Glendale Voters to Decide on Repeal

By Jason KUROSU

In June, Glendale voters will decide whether to repeal the city’s Utility Users Tax as a recent petition required the Glendale City Council to place the initiative on an upcoming ballot.

The petition was circulated by local residents who want to rein in city spending and taxation, while city officials say repealing the UUT would lead to a drastic reduction in the quality of city services and programs.

The UUT taxes the gross sale of electricity (7 %), gas (7%), water (7%) and communications (6.5%) and was approved by voters in 2009. Voters will have an opportunity to reverse that decision this summer, as the petition’s 1,532 signatures sealed the initiative’s placement on a future ballot.

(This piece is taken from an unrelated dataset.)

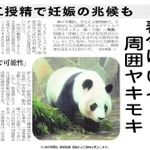 ２００３年９月６日付紙面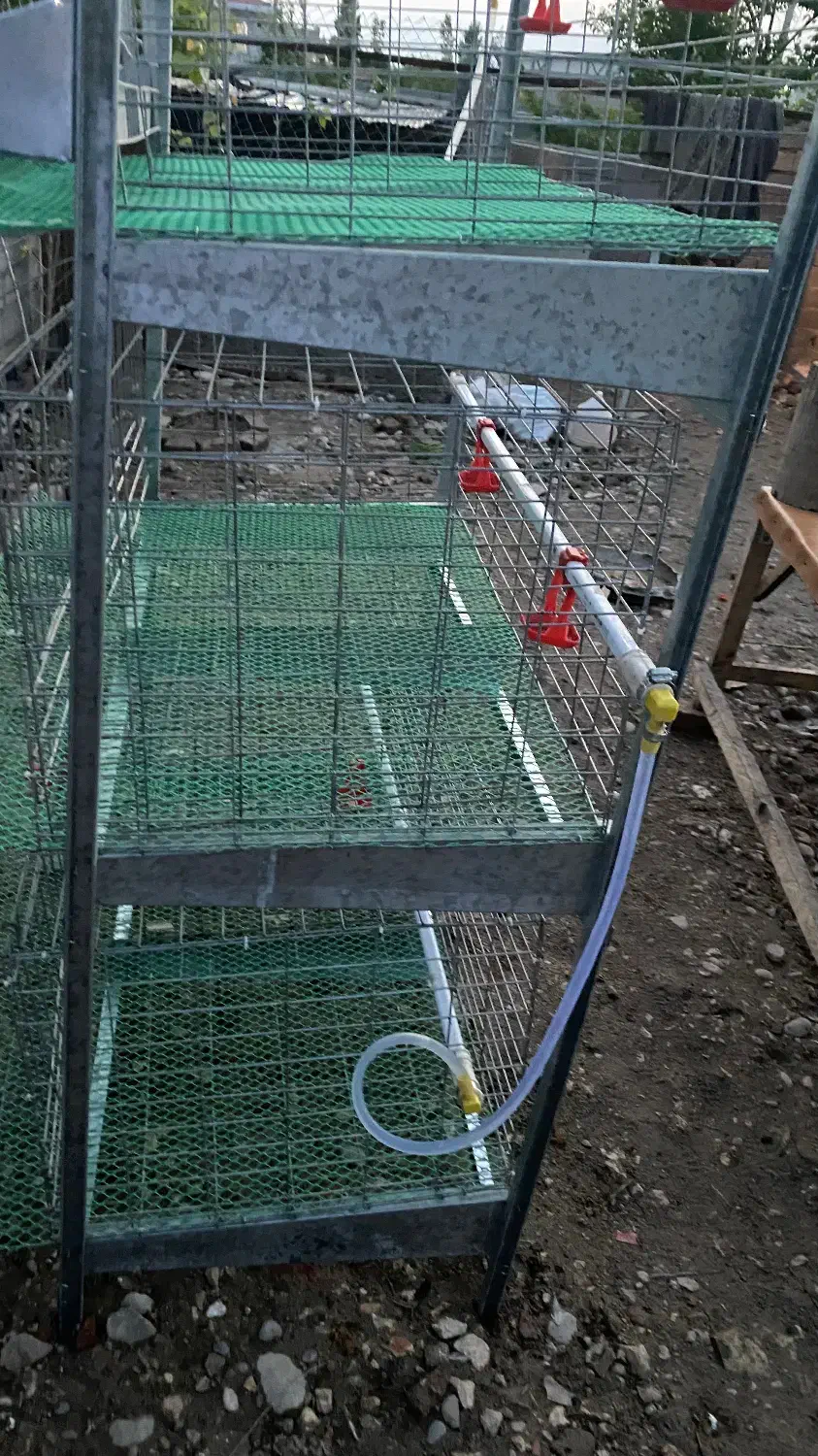 قفس مرغ تخمگذار و گوشتی|حیوانات مزرعه|ساری, |دیوار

City Manager Scott Ochoa said Glendale stands to lose about $17 million from its General Fund should the tax be repealed. According to city officials, the UUT comprises 15.2% of General Fund resources and is Glendale’s third highest source of revenue, behind property and sales taxes.

Ochoa called the potential loss of such revenues “crippling.”

The city’s parks and community services were identified as the primary programs that would be cut to offset the loss of UUT revenues. A city staff report outlined three scenarios for cutting costs. One involved a 15.78% reduction of General Fund departments across the board. The second cut funding to police, fire, parks and libraries. The final scenario only cuts funds to police and fire, as they comprise the two largest general fund expenses.

Ochoa said the cuts would reduce the effectiveness of emergency services and force the city to rely more heavily on county emergency services.

“You’re going to have to accept a lower level of service. We cannot assure you that paramedics will make it to your house in less than five minutes. Maybe that doesn’t mean anything to you, until it does, until it’s you or your loved ones having chest pains,” said Ochoa.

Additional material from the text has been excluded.